Saw your post on the cornwall thread. My OMER Cayman Carbon 75 has a full length rail running from the mechanism to the end of the muzzle. Not easy to discern in the picture I posted.
 
Just need the weather now Lazuli. I'm currently using the hybrid solution: screw-in bands with dyneema wishbone but I anticipate getting peeved with that and moving to full bulk rubber solution pretty quickly.
Compatability does not have to do with the thickness of the rubber, but with the step of the threads. Talking in general, Picasso and Cressi threads don't fit in Omer threads. All the other brands are quite compatable....

Spaghetti, the main reason for posting, I have a question for you (and/or other forum members).

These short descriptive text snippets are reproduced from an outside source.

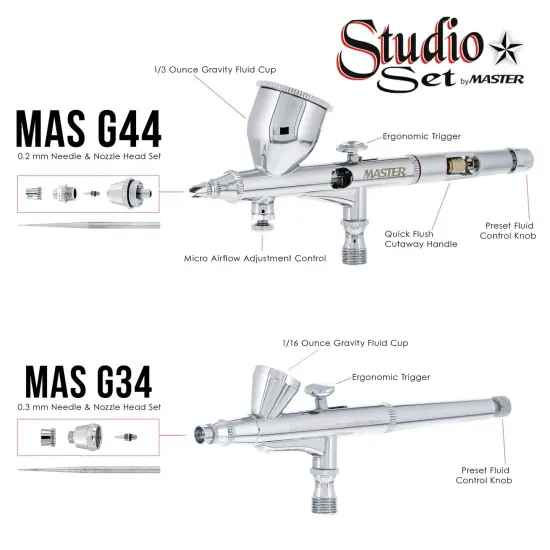 Master G65 Studio Airbrush Set with 6 Different Airbrush Models (3 Gravity Feed, 2 Siphon Feed, 1 Side Feed) {3}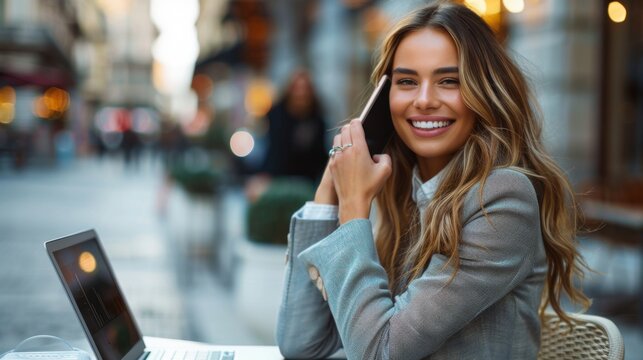 A multiracial woman is sitting at a table while engaged in a phone conversation through her cell phone
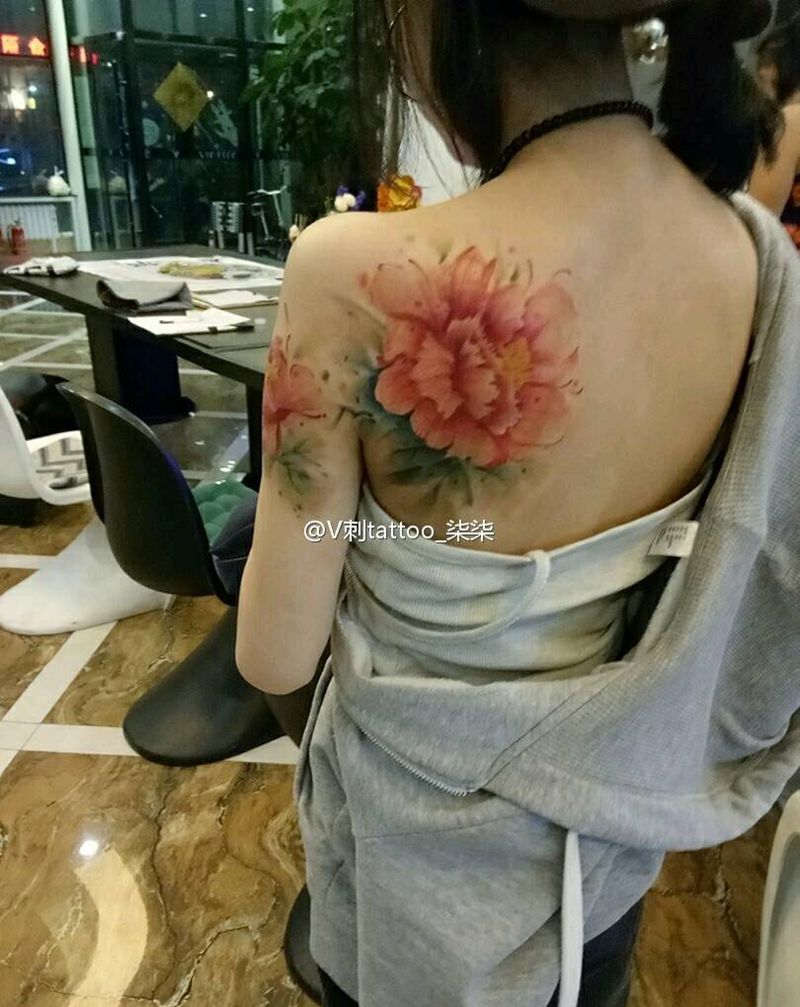 疤痕遮盖纹身图片_肩部背部手臂传统清新国画植物原创成品纹身图案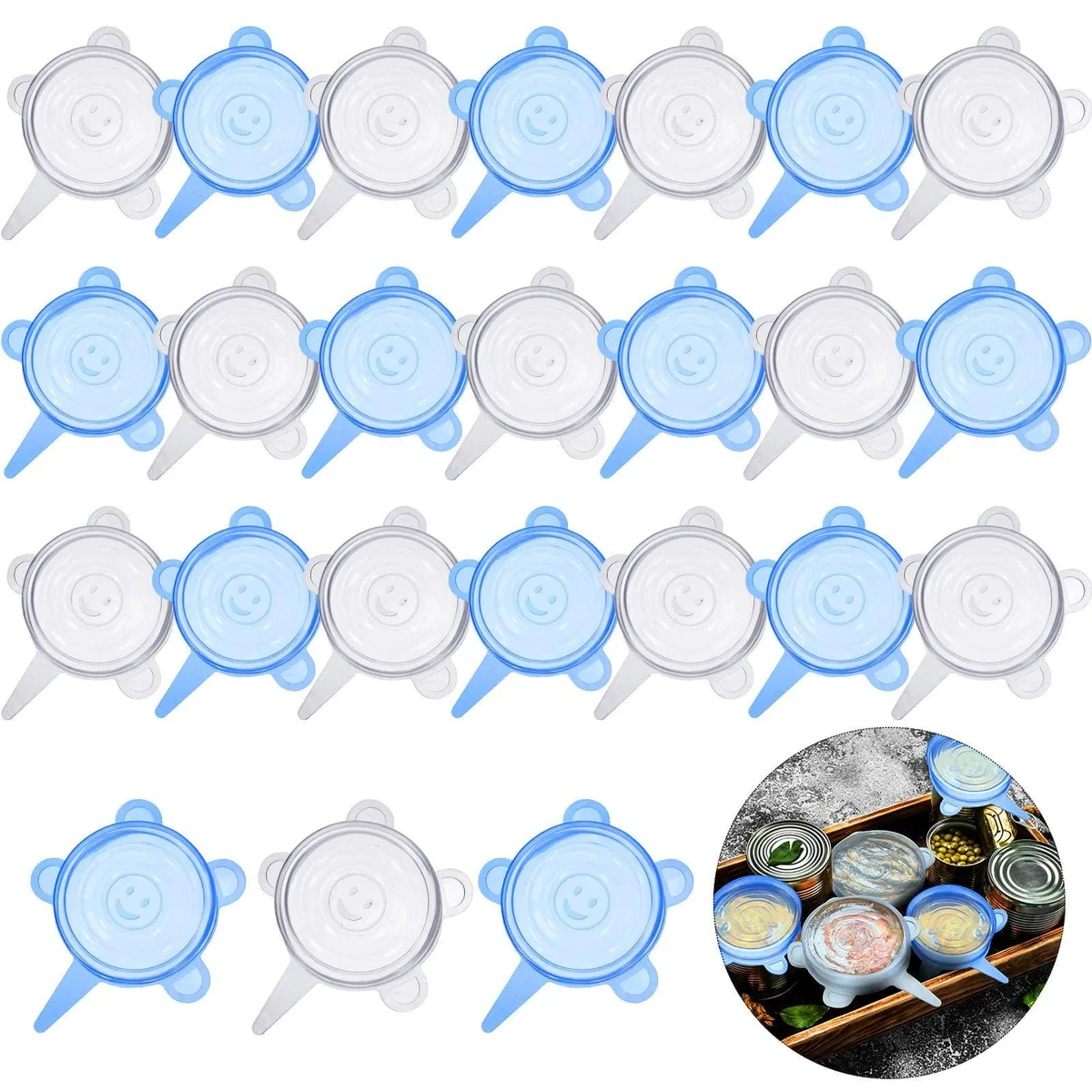 24 round silicone stretch lids, 12 blue and 12 white, 6.5 cm diameter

This screw-in adaptor:


... claims to work with "Cressi, Beauchat, Picasso, Omer, Mares, Spetton Demka and many more". Surely that can't be true, as my new Picasso wishbones won't fit my Omer XXV 18mm rubbers (or is it just the Omer XXV 18mm rubbers use a non-standard thread/size - "tell me it ain't so, Shoeless Joe")?

Also, I was a little confused by your original response: which use "standard threads" Omer/Cressi/Picasso/Cressi & Picasso/everybody except Cressi & Picasso/everybody except Omer, Cressi & Picasso?